The basic presuppositions or questions that the project and the show are based upon are far from being groundbreaking novelty. As they are summed up by the exhibition’s curator, Simona Vilau, the main questions underlying the project are: “What does drawing mean for an artist entangled in the blinding carousel of the contemporary world? Is it a working method, a research instrument, a transgressive procedure? Is it an information retriever, a way to fight the conventional systems”? These questions and also the conceptual assumption that drawing is a better suited medium for direct artistic expression and for conceptual inquiries, more open to spontaneity, that it is a medium lesser governed by rules and historically acquired expectations than, for example, painting or sculpture, date back at least as far as the sixties. This manner of understanding or approaching drawing was also significantly present in the Romanian art of the late sixties and the seventies.
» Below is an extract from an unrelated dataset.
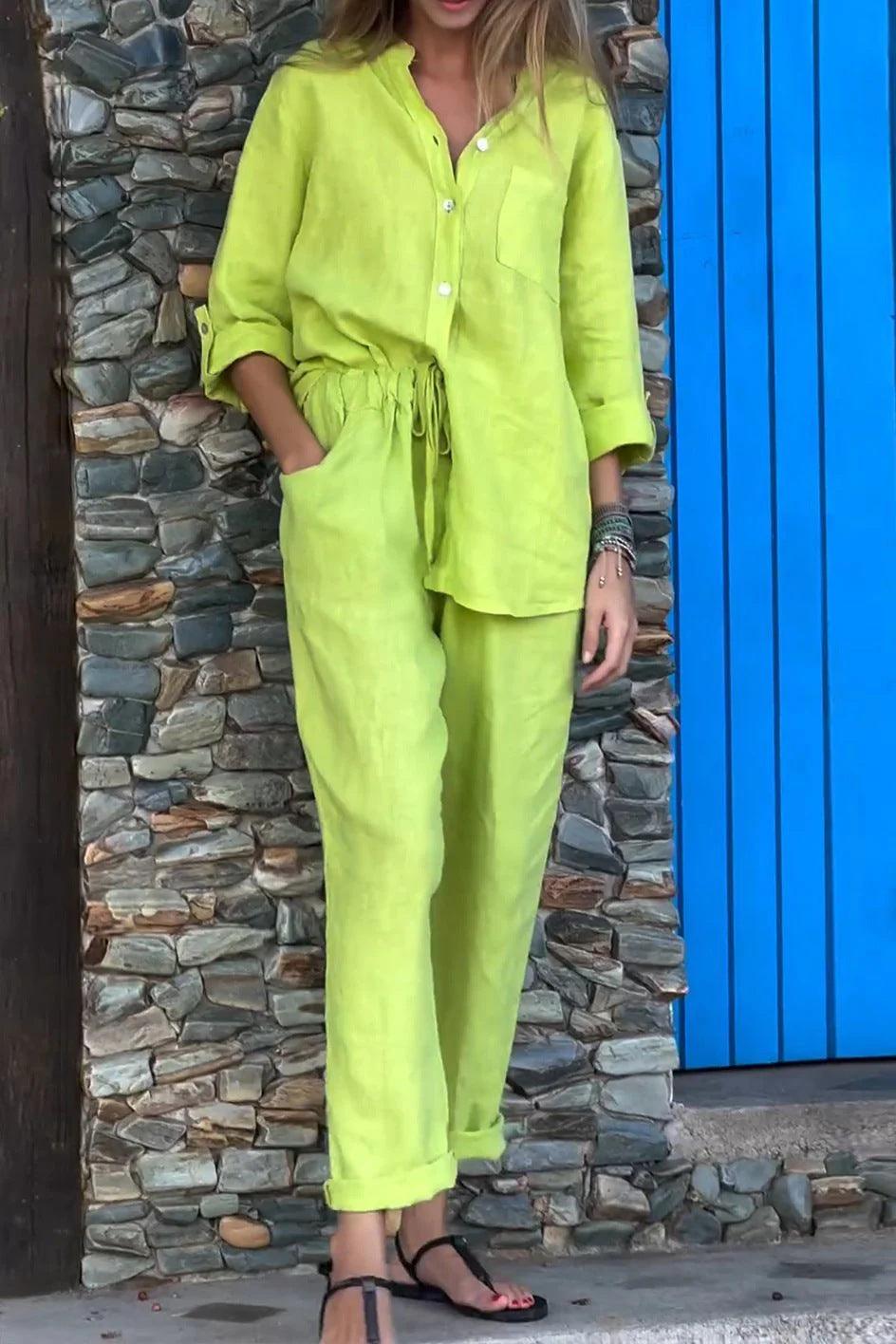 Conjunto informal de dos piezas con camisa y pantalones de algodón y lino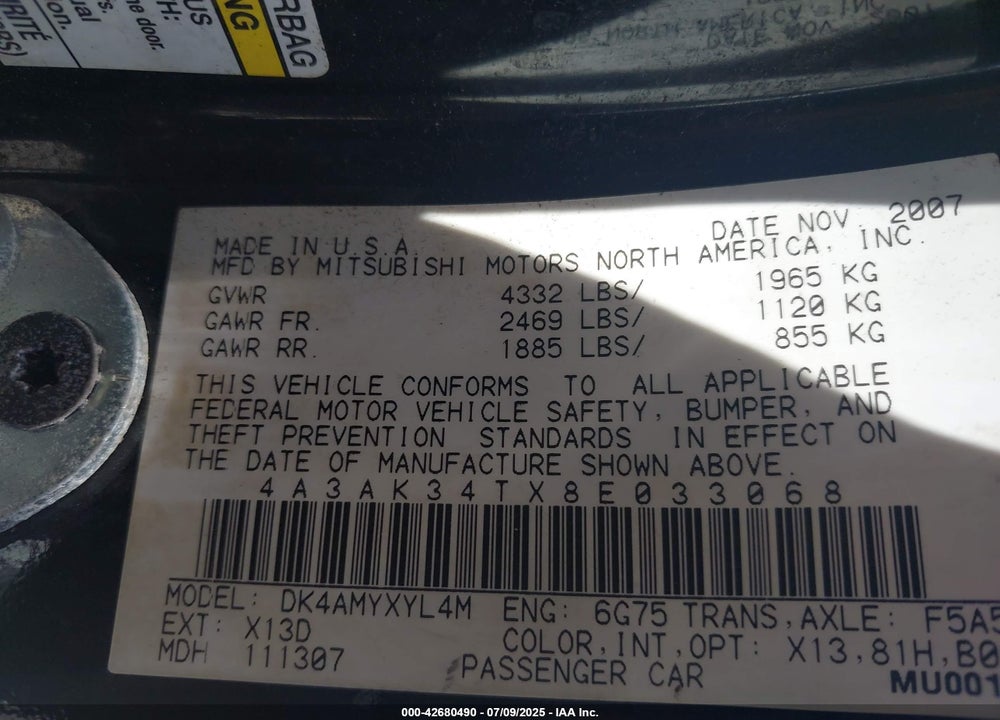 2008 MITSUBISHI ECLIPSE VIN: 4A3AK34TX8E033068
However, the coherence of the project is beyond doubt and its longevity, vivacity and straightforwardness are definitely praiseworthy, as is the overall consistency of the show at LC Foundation.
Alexandru Radvan has produced, during the last decade or so, an art that is somewhat hard to assimilate or to resonate with, based on a “heavy” imagery that looks eerily outmoded in the context of (very) contemporary painterly practices, topics and stylistic approaches, especially those deployed in the Romanian (young) painting – painting being for him a medium of choice. Both in painting and in drawing, his references are placed mostly in the realm of the antique world and the classical culture, of religious rites and devotional forms; the historical age of the late and “decadent” Roman Empire and the dusk of Antiquity seem closer to Radvan than the realities of the consumerist, communist or post – communist societies, although one might at times suspect that the ancient is, for him, a metaphor for the unsettling present times.
However, his art is highly personal and there is no way it can be denied the attribute of real originality, whether one speaks of his paintings, of his drawings or of his sculptures. The drawings are, in my view, the best part of his artistic production, and the show at LC Foundation confirmed their remarkable quality. Radvan possesses a very good mastery of the “technicalities” of the medium and this ensures that his endeavours in this realm are visually poignant, while his effervescent, history haunted, ritual oriented imagination guarantees both their fresh look and their straightforward, assumed seriousness. It seems that for the dynamic Alexandru Radvan art is always about serious things: the monumental, solemn, archetypal sexuality embedded in the women’s outlines – the Fara titlu (Untitled) series, the vibrant and subtle relationship between the human, the animal and the vegetal – the Iulie (July) series and so on. When mythology is not near, history is there with all its might and with all the pressure it puts on people, as in his Atentat (Terrorist Act) series.
Radvan’s drawings plainly and compellingly reveal what he is, first and foremost: the producer of an art that’s maybe difficult to like and to resonate with for those approaching it with a contemporary (social) state of mind, yet an art that’s impossible to overlook when one approaches the Romanian contemporary art world of the 21st century’s first decade.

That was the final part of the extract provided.